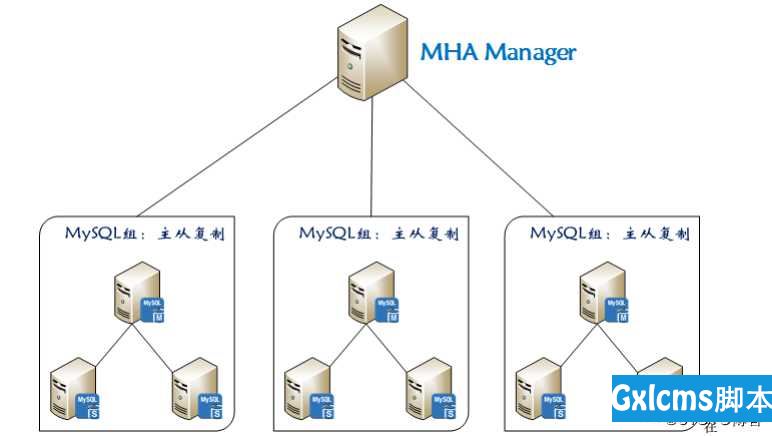 mysql高可用之MHA+半同步复制 - 文章图片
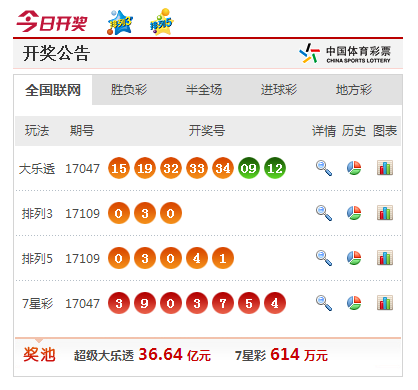 澳門彩票開獎，探索澳門彩票的魅力與最新開獎信息（關(guān)鍵詞，澳門彩票、澳門開獎、澳門彩票開獎），澳門彩票開獎探索，魅力盡顯，最新開獎信息一覽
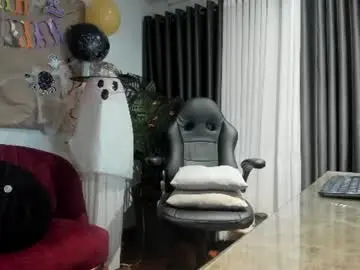 Chaturbate Free Live Porn of hanaboston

----

Please return only the lines from the one holding "澳門彩票開獎，探索澳" through the end of the data, both ends included; do not copy any pictures.

**Result**
 澳門彩票開獎，探索澳門彩票的魅力與最新開獎信息（關(guān)鍵詞，澳門彩票、澳門開獎、澳門彩票開獎），澳門彩票開獎探索，魅力盡顯，最新開獎信息一覽
 Chaturbate Free Live Porn of hanaboston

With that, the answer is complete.